Researchers find POW camp sat in path of proposed Fraser Valley Parkway
As Grand County commissioners contemplate the next steps for the Fraser Valley Parkway, the archaeological significance of a World War II POW camp could block further pursuit of a project that has been decades in the making.
The county has spent years getting the necessary permitting to build the road running parallel to US Highway 40 from Tabernash to Winter Park, known as the Fraser Valley Parkway or County Road 522. That permit expires Sept. 1 and requires a completed cultural survey before it can be renewed.

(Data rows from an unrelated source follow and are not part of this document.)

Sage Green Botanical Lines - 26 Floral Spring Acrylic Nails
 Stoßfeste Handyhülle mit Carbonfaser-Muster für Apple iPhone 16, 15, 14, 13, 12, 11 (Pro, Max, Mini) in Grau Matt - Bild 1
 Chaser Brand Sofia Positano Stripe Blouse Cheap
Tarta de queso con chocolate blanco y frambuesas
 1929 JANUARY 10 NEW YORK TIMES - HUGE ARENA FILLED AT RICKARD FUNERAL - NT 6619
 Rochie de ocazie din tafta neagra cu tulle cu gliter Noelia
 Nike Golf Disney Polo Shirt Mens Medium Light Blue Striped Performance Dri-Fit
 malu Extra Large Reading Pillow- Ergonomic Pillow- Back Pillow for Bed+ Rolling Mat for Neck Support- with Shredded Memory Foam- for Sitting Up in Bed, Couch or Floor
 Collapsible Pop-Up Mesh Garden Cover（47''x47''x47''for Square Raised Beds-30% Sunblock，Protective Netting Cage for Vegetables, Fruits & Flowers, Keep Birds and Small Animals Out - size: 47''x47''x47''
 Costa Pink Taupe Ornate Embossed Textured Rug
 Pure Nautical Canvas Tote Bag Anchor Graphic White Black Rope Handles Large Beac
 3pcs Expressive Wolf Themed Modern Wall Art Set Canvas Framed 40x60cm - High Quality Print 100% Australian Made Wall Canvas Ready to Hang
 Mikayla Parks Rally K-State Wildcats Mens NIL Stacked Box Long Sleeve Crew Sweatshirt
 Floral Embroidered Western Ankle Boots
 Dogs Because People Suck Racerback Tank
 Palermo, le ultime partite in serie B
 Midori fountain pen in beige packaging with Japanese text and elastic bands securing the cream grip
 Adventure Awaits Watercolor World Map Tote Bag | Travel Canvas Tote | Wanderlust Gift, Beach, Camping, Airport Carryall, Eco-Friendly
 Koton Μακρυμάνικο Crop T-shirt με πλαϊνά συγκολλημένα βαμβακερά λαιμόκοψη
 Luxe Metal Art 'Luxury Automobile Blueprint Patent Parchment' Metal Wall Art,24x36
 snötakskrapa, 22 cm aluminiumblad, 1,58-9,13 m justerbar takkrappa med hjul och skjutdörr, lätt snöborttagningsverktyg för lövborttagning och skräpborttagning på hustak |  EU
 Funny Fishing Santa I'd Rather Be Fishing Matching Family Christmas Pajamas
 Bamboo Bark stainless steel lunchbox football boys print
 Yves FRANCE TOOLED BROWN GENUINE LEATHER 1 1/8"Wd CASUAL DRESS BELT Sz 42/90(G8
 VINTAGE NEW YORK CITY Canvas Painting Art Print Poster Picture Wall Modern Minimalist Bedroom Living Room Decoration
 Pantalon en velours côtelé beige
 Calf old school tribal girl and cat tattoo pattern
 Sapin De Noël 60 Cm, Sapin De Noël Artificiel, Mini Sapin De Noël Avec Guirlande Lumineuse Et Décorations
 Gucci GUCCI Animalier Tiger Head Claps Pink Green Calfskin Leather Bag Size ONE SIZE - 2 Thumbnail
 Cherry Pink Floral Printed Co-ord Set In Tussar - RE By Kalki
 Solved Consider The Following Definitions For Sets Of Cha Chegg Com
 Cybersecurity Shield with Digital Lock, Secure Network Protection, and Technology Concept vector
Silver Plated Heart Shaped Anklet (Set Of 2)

Grand initiated the first phase of the cultural survey earlier this year with Metcalf Archaeological Consultants to determine the location of the POW camp. The work camp in Fraser was connected to a main camp in Greeley and was open from 1945-1946, housing 200 prisoners who worked in the lumber industry.
On June 15, Principal Investigator Anne McKibbin informed county commissioners that the camp did once sit in the path of the proposed parkway.
Using 1947 aerial imagery of the Fraser POW camp and additional photos from the Grand County Historical Association, the group was able to determine the location of the camp. The report recommended the camp be eligible for the National Register of Historic Places based on the likelihood of archaeological items that might remain.
Next steps would be to complete a field inventory, which could include test excavations and more archival research to determine if there are archaeological materials at the site. The work would also determine the effects the proposed road would have on the site and could cost anywhere form $14,000 to $31,000.
If nothing remains of the POW camp, no further work would be needed beyond construction monitoring. This would cost an estimated $2,000 to $2,500 on days when previously undisturbed soil would be disturbed.
If there are archaeological materials, mitigation of adverse effects would be required, costing another $50,000 to $150,000 in addition to the daily construction monitoring.
The county could also realign this section of the proposed roadway, which would require a permit amendment. However, County Manager Ed Moyer explained why that might not be possible.
“This alignment between County Road 50 and 73, it really represents the least amount of impact to the highest quality wetlands in that area,” Moyer said. “In other words, it’s going to be difficult to change that alignment in that corridor.”
The fourth option would be to not proceed with construction. Doing so would mean giving up the permit that took the county roughly fifteen years to obtain.
Most of the correspondence received by commissioners and shared during the meeting was in opposition to the Fraser Valley Parkway. However, the road does come with safety benefits as it would provide an alternate route for emergency responders if US Highway 40 shuts down and could help with the growing traffic concerns on the eastern side of the county.
County staff plans to present final options on County Road 522 on July 6. The commissioners are expected to make a decision at that meeting.